Bush wasted little time doing just that, saying the plan exposed Gore as a government-loving liberal. "He spends the entire surplus on bigger government," Bush said.
For his part, Gore challenged Bush to release as much detail about his tax and spending programs. Bush's campaign responded with a four-page summary of his program.
In one major way, the two documents are identical -- both earmark more than half of the $4.56 trillion in projected surpluses -- the $2.39 trillion generated by Social Security -- to bolstering the giant retirement program.
Gore would use all of the money to reduce the national debt as a way to put the government on sounder fiscal footing when the baby boomers retire. Bush's proposal would pay down the debt and use an unspecified portion to finance giving workers the option of putting some of their payroll taxes into their own retirement accounts.
So far, the Bush campaign has been vague on just what amounts will be required to finance this changeover, which many private experts warn could be a huge drain on the Social Security system over the next several decades.

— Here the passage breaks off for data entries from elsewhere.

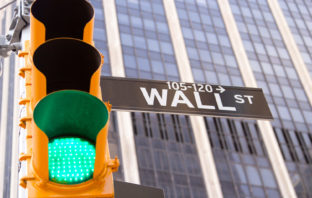 Green traffic light on Wall Street in New York City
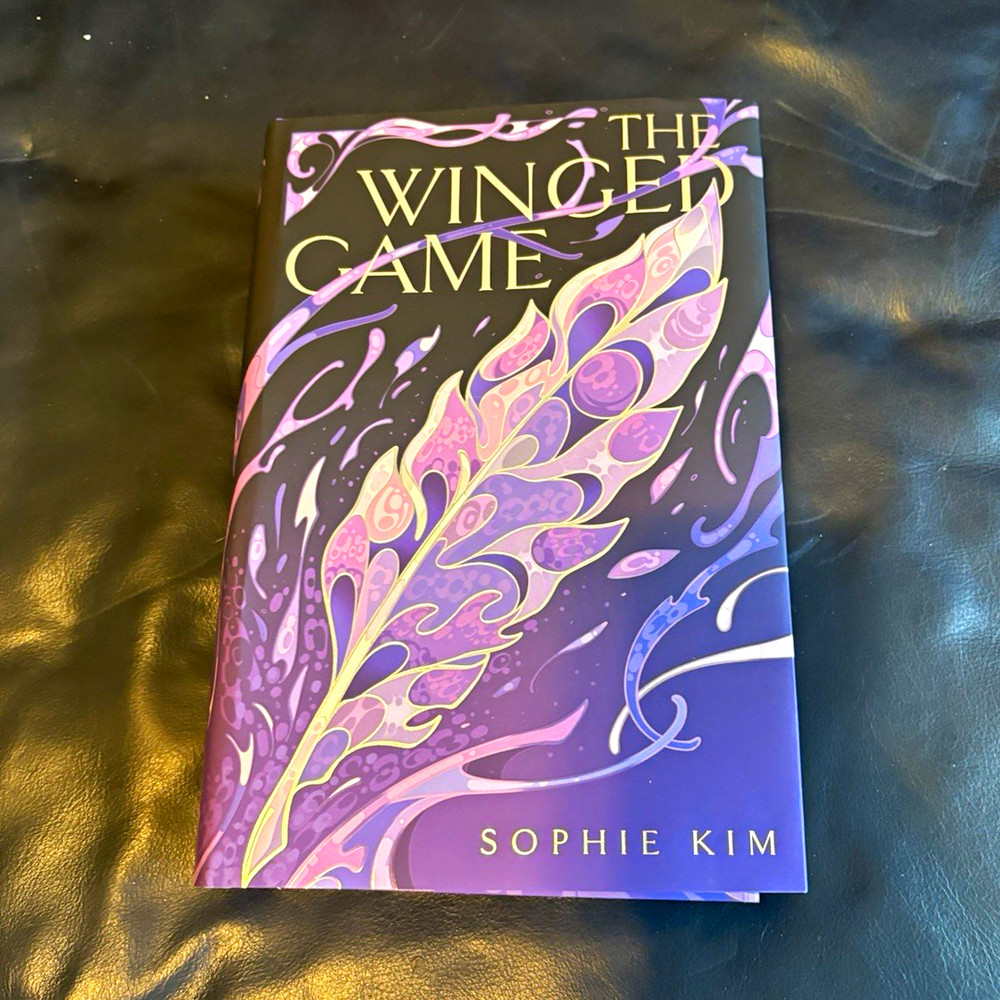 FairyLoot Exclusive HC The Winged Game w/ Dust Jacket – Sophie Kim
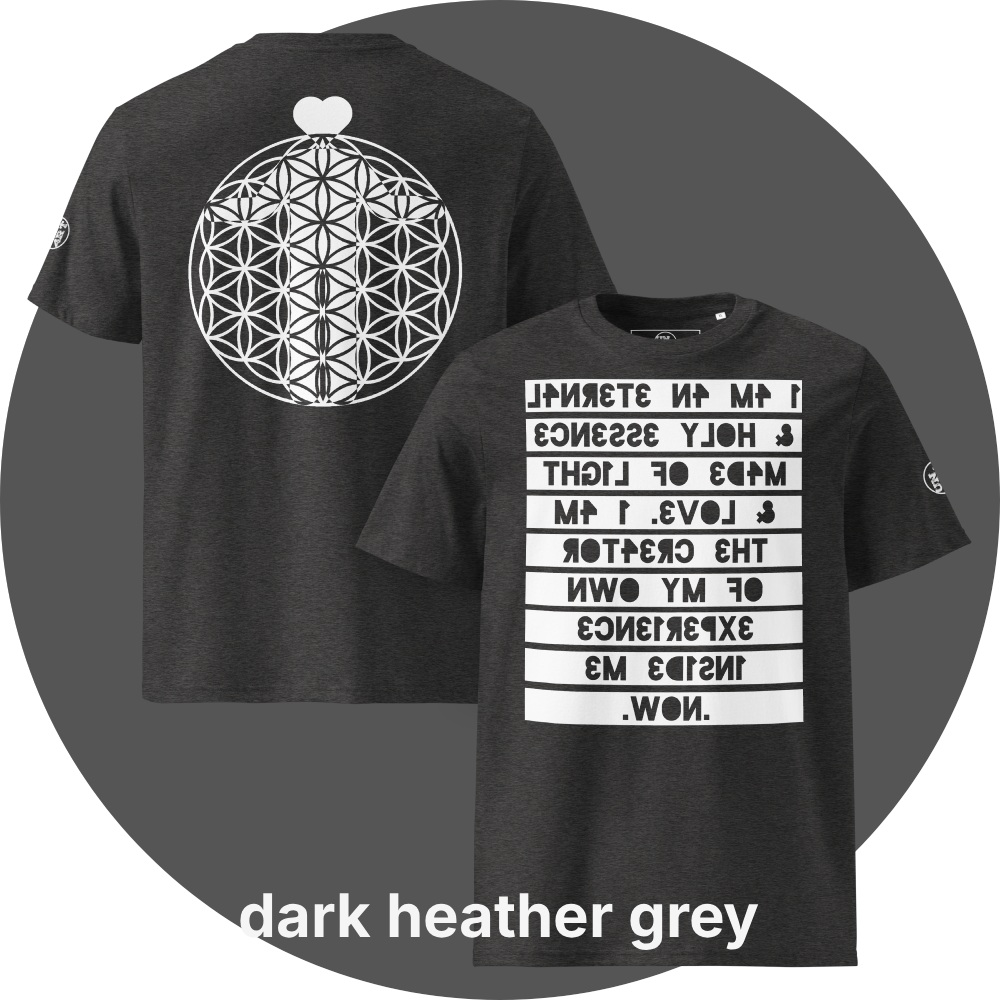 UN4RT dark heather grey organic cotton t-shirt shown from the front and back, front features a large mirrored text artwork on a white rectangular background with reversed dark grey bold lettering reading "i am an eternal & holy essence, made of light & love. i am the creator of my own experience inside me. now.", back features a large white flower of life sacred geometry circle with a white heart shape above it, small circular brand logo visible on both left sleeves.
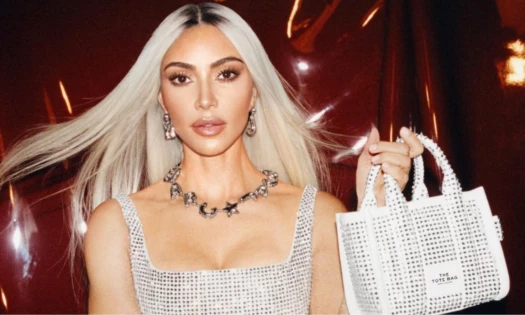 Kim Kardashian holding a bedazzled white Marc Jacobs Tote Bag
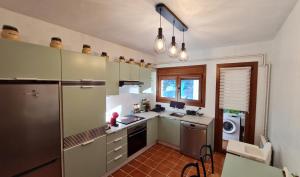 cocina con nevera, fregadero y lavavajillas en Apartament Vent de Port, en Vilaller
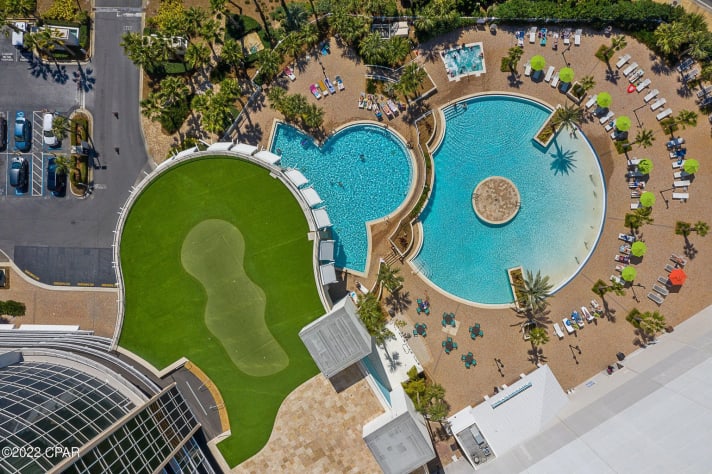 Aerial View of Putting Green, Pools, and Hot Tub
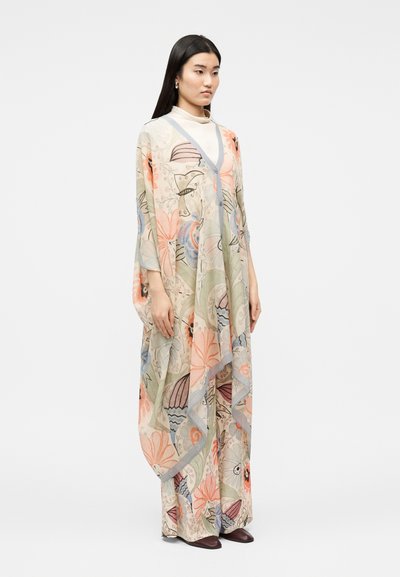 Γυναίκα που φοράει ένα ρέον χιτώνα με λουλουδάτο μοτίβο σε παστέλ αποχρώσεις, πάνω από παντελόνια με φαρδιά μπατζάκια σε ταιριαστό χρώμα και σκοτεινά παπούτσια, στέκεται μπροστά σε ένα απλό φόντο.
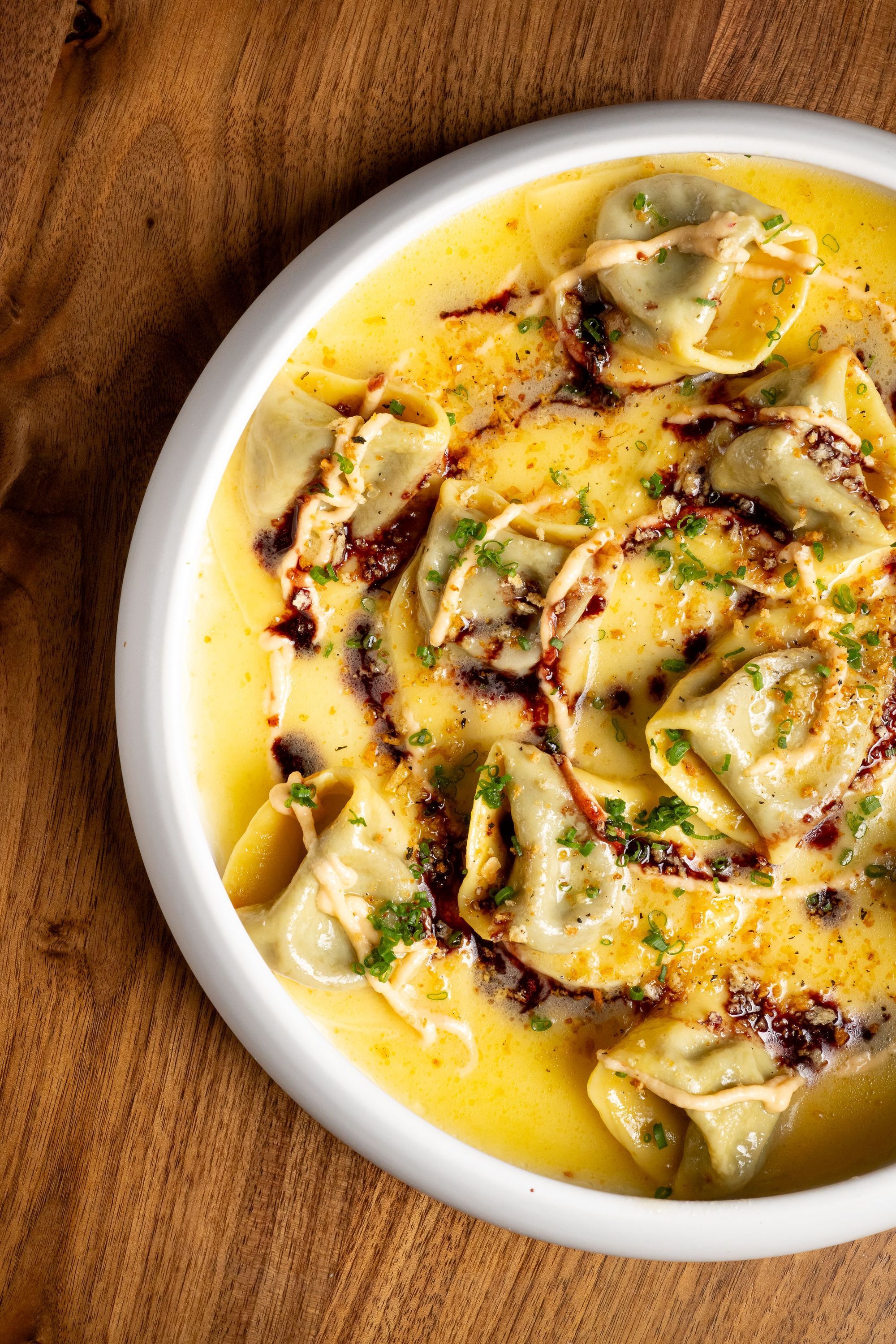 Italian fresh pasta served in creamy yellow sauce garnished with herbs and drizzled with dark balsamic glaze.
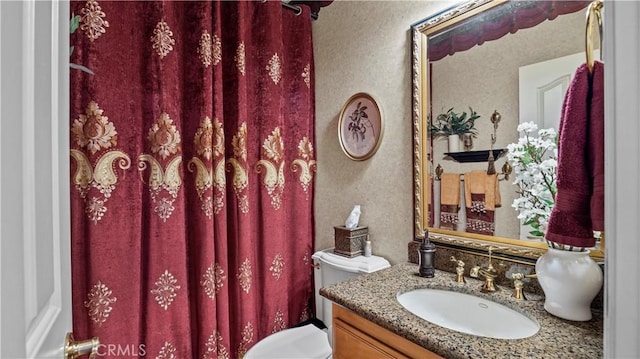 bathroom featuring toilet and vanity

Gore has his own proposal to bolster Americans' abysmally low personal savings rates, offering tax-free Retirement Savings Plus accounts with matching government funds to encourage savings by middle and lower-income individuals.
Gore estimates the plan's cost at $200 billion over 10 years, but the Bush campaign says the true price tag is likely to be closer to $720 billion.
Just as Gore has sought to portray Bush's plan for a $1.3 trillion across-the-board tax cut as "risky" for the economy, Republicans tried to brand Gore's plan as "risky" on the spending side.
Republicans on the Senate Budget Committee released a report estimating that Gore's spending proposals, both those in his budget and those he has endorsed on the campaign trail, would eat up as much as $906 billion more than the current projections for $2.2 trillion in non-Social Security surpluses.
Sen. Phil Gramm, R-Texas, labeled Gore's plan "a promise grab bag that is bigger than any politician of the modern era of American history has ever proposed."
The Gore campaign rejected the charge and pointed to a $300 billion "surplus reserve fund" that would be used as a cushion in case the current surplus projections prove too optimistic.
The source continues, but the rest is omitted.